Chapter One: Tension In Preaching

DAVID FLEER AND DAVE BLAND


Tensions persist in preaching today. Preacher and congregation feel these tensions every Sunday morning when the minister lays out notes, opens the Bible, and announces the sermon’s text. One tension remains fixed in the mind of the preacher and in the hearts of the listeners. The pre acher’s desire for sermons to faithfully reflect the message of biblical texts stands at odds with the congregation’s pleas for self-help homilies that address her most pressing personal problems. Another tension resides in the audience feeling the need to hear sermons that reflect the “old paths” which strain the preacher’s understanding of what the “good news” really entails. Even within the reflective preacher’s mind, the conflict between what the Bible appears to say and what the meaning is for the congregation creates a holy tremble for this one who claims to speak for God. The strain not only pulls preacher from congregation but creates tension among competing camps within the church. These tensions are maintained, in part, by our understanding of how the Bible is supposed to function in the sermon.
One of us recently experienced this tension while listening to a sermon developed from 1 Samuel 17, David’s battle with Goliath. The preacher paraphrased the story raising historical/textual questions (just when did Goliath die?), narrative curiosities (why five stones? how large were the stones? how fast were they slung?), and psychological insights (what was Saul thinking as he watched David? Who are the Goliaths in our lives?). The preacher developed the sermon in quite an interesting manner. But, the sermon ignored the movements and emphases of the text. For example, when noting the battlefield dialogue of David and Goliath, the preacher concluded, “David ‘one-upped’Goliath.”
As the preacher moved on to other historical developments and cultural observations, I stayed with Samuel, reading closely the language of David. What I noticed was not so much the verbal superiority of David but his covenantal language. Not only was Goliath an “uncircumcised Philistine” but the Lord would prevail against all apparent odds. God talk is in every line that David utters.1 These details should have cast the sermon in an entirely different direction and should have superseded the psychological bent of the sermon’s application. The biblical text before me was more interesting and held more promise for matters of import than the sermon.
This instance of sermon-created tension grew out of differing expectations for the sermon. I came to the service desiring challenge or uplift. I received neither. I wanted to be reminded of the reality of God through a strong prophetic word. I received instead “trivial facts” and psychological insights. Any preacher who dares to conduct an exit interview with frustrated members hears and feels this tension. Whether the disgruntled church member leaves for more relevant climes or transfers to a congregation where he or she can hear “the Truth,” at the heart of the matter is the role of the Bible in preaching.
The crisis is not new.
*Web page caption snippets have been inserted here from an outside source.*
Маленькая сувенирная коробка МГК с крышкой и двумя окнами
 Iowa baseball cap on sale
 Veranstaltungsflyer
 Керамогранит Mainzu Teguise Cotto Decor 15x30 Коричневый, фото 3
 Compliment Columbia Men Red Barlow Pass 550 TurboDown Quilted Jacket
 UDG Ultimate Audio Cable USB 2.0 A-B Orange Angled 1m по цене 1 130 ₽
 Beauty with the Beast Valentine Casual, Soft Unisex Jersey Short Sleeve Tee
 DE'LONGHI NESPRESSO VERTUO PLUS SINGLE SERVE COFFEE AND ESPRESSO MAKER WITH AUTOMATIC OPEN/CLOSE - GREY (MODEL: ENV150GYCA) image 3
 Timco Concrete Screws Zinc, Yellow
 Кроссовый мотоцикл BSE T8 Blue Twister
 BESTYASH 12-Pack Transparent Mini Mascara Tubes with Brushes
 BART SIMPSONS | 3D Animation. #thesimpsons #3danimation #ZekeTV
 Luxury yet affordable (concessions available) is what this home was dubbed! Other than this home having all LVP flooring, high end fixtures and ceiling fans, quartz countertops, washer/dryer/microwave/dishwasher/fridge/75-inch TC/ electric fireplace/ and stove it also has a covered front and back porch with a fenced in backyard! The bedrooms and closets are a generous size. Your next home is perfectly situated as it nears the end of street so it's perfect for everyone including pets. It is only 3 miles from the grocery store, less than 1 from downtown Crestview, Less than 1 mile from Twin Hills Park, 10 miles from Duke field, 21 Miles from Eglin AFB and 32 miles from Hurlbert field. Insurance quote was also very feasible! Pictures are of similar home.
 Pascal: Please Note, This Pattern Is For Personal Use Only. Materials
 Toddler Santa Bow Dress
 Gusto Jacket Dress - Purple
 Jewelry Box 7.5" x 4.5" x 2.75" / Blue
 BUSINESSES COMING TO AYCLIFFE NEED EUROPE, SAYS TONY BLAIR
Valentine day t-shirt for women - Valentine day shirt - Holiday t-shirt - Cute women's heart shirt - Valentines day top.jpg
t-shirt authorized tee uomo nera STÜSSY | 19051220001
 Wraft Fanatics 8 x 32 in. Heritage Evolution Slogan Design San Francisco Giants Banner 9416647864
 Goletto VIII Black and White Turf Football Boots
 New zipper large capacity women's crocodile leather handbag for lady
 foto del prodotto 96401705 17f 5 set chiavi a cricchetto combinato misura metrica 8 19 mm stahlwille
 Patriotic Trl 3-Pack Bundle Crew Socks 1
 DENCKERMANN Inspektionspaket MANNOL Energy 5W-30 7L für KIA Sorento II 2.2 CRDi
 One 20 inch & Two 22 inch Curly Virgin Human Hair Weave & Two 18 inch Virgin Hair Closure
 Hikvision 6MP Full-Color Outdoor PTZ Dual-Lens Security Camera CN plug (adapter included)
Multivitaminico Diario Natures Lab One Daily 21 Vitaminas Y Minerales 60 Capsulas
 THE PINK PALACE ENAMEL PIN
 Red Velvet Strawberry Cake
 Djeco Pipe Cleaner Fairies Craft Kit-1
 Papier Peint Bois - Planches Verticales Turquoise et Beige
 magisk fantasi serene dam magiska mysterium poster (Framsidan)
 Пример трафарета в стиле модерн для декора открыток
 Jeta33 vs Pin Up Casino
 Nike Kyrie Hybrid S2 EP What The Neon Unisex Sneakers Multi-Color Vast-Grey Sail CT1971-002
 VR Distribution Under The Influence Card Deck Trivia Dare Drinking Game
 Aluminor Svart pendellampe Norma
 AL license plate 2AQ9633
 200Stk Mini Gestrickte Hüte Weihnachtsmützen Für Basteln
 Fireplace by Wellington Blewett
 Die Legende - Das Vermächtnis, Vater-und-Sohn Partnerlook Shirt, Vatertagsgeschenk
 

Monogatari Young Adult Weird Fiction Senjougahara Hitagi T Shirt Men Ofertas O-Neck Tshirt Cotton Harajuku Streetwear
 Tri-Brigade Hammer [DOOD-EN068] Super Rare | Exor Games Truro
In the Restoration Movement we have long thrived on the injunction to preach from the Bible to the needs of the church and society. We have long desired that our preaching be faithful to Scripture. Yet, we have consistently wrestled between the ideals of “good news or old paths,” or “personal needs or living in the text.” We have struggled with the place of the Bible in the pulpit. Consider two approaches to preaching that have characterized our movement.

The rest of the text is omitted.